Ajouté le 8 sept. 2003
J’ai rencontré Guy un jour d’automne sous une pluie torrentielle. On aurait dit que la montagne et le ciel ne faisaient plus qu’un. Il marchait derrière moi et nos pas étaient cadencés par la pente et les mots qui s’égrenaient. Je ne le voyais pas. Nous parlions un peu de tout et nous avancions en file indienne dans le chemin étroit. Il m’a dit qu’il était peintre. Je savais beaucoup de la peinture, j’avais parcouru les musées depuis mon enfance, je vivais au milieu de tableaux mais je ne savais rien finalement. J’ai voulu voir et je me souviens de la main de Guy me tendant à la sauvette une carte de visite amollie par la pluie. Je me souviens de ce jour. Des feuilles rouillées rutilantes sous les gouttes de pluie. De l’odeur de l’automne. De la Chartreuse qui flambe, rousse et verte, striée de branches.
Choisir. Il y a des choix sans concession. Passer à côté veut dire qu’on ne retrouvera jamais ce que l’on n’a pas voulu saisir. Choisir l’amour, la peinture : tourner le dos au passé ; renoncer à tout ce qui ne pense pas à la toile qui va ou pourrait se faire. Accepter de passer après tout cela.
Sans détours .Guy est impossible. Il agit comme il peint. Sans détours ou faux-semblants. Peu lui importe que l’on soit séduit. La trace traverse et transperce le tableau sans hésiter.
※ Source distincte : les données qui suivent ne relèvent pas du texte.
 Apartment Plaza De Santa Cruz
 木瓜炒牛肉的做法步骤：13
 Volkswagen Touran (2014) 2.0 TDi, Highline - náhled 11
Guy, tu es impossible pour ceux qui louvoient et tempèrent, pour ceux qui aiment la mesure et le compromis. Ceux là nous ne les voyons qu’une fois.
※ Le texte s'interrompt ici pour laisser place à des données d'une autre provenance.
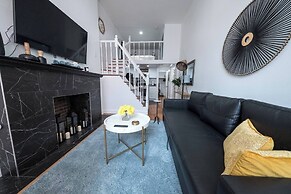 Central Park Studio With Sleeping Loft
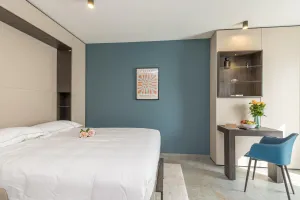 Image of Icon H 404 Suite Micro Living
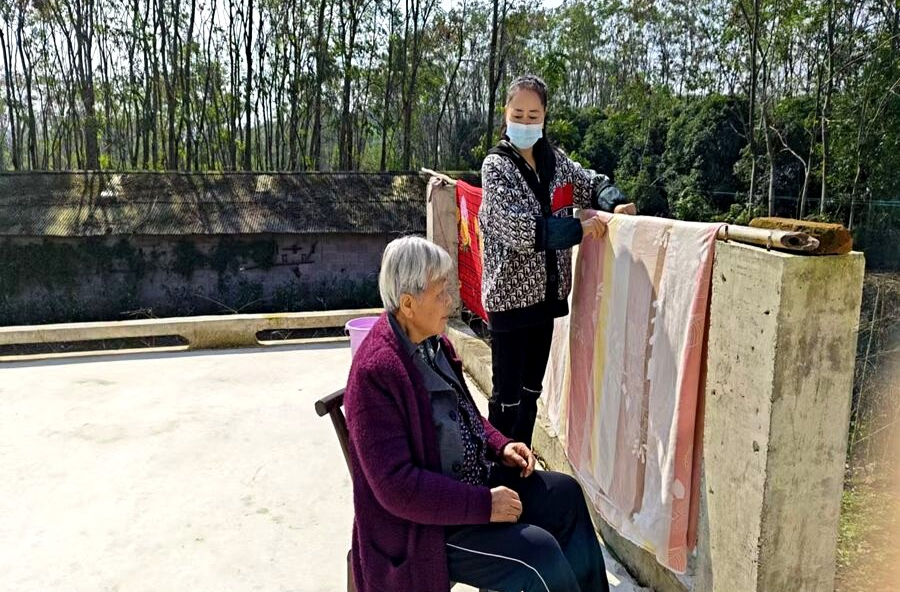 郑家驿镇：居家护理显成效 三重保障托起残疾老人幸福生活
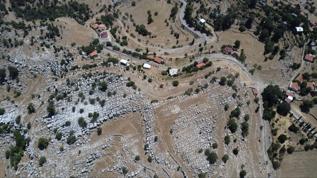 Selge Antik Kenti'nin gönüllü rehberliğini yapan mahalle sakini Yörükler, tarihi değerlere de sahip çıkıyor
Jour après jour. L’abstraction est à l’inverse de ce que l’on croit : elle n’est ni hasardeuse, ni dilettante.
Comment est-ce fait ? Quel outil employez-vous ? Combien de temps vous faut-il ? Il a fallu toute une vie. Il faut trente ans de travail jour après- jour. Il faut l’obstination inimaginable du geste qui chaque jour s’affine avant de trouver la perfection : celle de ces toiles qui semblent une évidence. L’évidence est à l’opposé de la facilité.
L’œil. Le crayon à la main, il lève les yeux et son regard n’est plus le même. Ses pupilles deviennent aiguës comme une pierre tranchante. Il scrute et transperce puis sans bouger son regard va de la feuille à moi à une vitesse à la fois impossible et d’une précision absolue. Etrange impression d’être à la fois absente et bien plus présente qu’à n’importe quelle autre personne.
Les mains. Il cherche à les frotter, il gratte et s’acharne mais les traces résistent. Rouge, jaune, bleu. L’essence a marqué les mains du peintre. Tes mains te trahiront toujours. Tu ne peux plus cacher ce que tu es, Guy.
Pauline Baltazar, Agrégé de Lettres Modernes.